A: I always knew how I wanted the book to end because it was very important to me to remain authentic to the story and to what would have been most likely to happen given the circumstances. In that way, I think there’s only one way the book could have ended.

 

Still, I left it a little open because I like readers to be able to wonder what might happen next after this time we have with the characters.

 

It’s an interesting thing about telling a story - that you get to a certain point and then you have to stop telling it, but still there is life to be lived in the characters. So maybe my answer is actually that I don’t think the story really ever ends.

 

Q: The writer Chelsea Bieker called the book “A devastating and rich exploration of trauma, art-making, love, and the unmistakable hauntedness of what we cannot control, yet long to.” What do you think of that description?

 

A: Chelsea is one of my favorite writers and her opinion means so much to me. I think she articulated things about the book that I wasn’t even fully aware I was doing, which happens when you’re deeply engaged in the process of creating something.

 

I hadn’t really been thinking about the concept of control, but Chelsea was so right in seeing that.

 

In the next sentence of her quote, she says, “I want everyone to read this book,” which I also love. I am very grateful to her and the other authors who were early readers of the book and gave it initial praise.

 

Q: How was the book's title chosen, and what does it signify for you?

 

A: The book’s title is taken from the song lyrics for Roxy Music’s “More Than This,” which I think is such a classic ‘80s song. The song is playing in the book in a particularly tough scene between Quinn and Billy.

 

I chose it as a reference back to the moment, but also because it has a strong correlation to the way the book is positioned for Lulu to question Quinn later in life when she realizes that the photograph of her has become iconic.

 

For a long time, before the book had a publisher, I was calling it Lulu and the Trucker, which I still like as a title, but I’m happy we went with Tell Me One Thing instead.

 

Q: What are you working on now?

 

A: I have two completed manuscripts and am hoping to find a home for them soon.

 

One is titled American Dreams and was inspired by a true story of some Michigan folks, not far from where I grew up, who plotted to hijack the Michigan vote certification after Biden was declared the winner in 2020.

 

The group tried to hide overnight in the Michigan Capitol building and were going to present themselves the next morning as the electors and vote for Trump instead.

 

That plotting is an undercurrent in the book, but mostly it’s about the culture of desperation in the areas where these pockets of unrest arise. I grew up among it and think these are stories that need telling so that we don’t repeat history.

 

The other book is called A Daytime Moon and is based on a concept called solastalgia, which is feeling homesickness even when in your home.

 

The story follows a young woman trying to put her life back together after a tragedy in her teens pulls it apart. Amid her searching are real-life climate situations that are altering our environment.

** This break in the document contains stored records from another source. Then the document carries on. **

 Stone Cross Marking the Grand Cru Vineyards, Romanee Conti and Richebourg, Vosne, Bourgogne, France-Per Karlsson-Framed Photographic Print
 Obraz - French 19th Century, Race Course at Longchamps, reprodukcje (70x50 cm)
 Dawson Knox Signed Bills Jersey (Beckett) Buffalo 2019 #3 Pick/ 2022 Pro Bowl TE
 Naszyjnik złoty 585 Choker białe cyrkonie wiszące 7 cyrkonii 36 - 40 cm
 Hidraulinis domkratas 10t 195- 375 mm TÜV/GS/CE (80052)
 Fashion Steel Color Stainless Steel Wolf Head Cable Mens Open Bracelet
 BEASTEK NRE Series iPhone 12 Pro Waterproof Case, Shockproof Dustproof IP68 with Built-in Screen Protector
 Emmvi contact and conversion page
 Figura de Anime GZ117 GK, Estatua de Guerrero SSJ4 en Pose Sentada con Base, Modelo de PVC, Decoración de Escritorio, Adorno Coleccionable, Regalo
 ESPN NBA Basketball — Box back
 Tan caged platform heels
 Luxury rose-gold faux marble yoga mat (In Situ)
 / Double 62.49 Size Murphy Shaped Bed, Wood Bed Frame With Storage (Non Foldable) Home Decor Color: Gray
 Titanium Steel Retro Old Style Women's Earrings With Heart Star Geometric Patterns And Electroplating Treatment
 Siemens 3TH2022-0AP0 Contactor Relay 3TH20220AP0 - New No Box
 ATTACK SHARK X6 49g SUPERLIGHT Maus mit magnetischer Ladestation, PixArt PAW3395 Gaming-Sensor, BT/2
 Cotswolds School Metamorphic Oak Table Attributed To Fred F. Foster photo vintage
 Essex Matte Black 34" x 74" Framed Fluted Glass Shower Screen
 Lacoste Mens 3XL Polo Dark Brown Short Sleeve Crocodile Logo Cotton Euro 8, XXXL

The book looks deeply at the idea of home and family, and what it means to feel a sense of belonging.

 

Q: Anything else we should know?  

 

A: Tell Me One Thing has a few scenes that are like small love letters to my favorite photographer Nan Goldin, who chronicled the late ‘70s and the ‘80s in her work. Some of the photos that Quinn takes are photos that Nan took in real life.

 

There are also some scenes in the book that are inspired by Nan’s photographs, for instance when Quinn and Alex are lying on the grass together, when Quinn is photographing Tisha and the man in the motel, and also some of the intimate scenes between Quinn and Billy.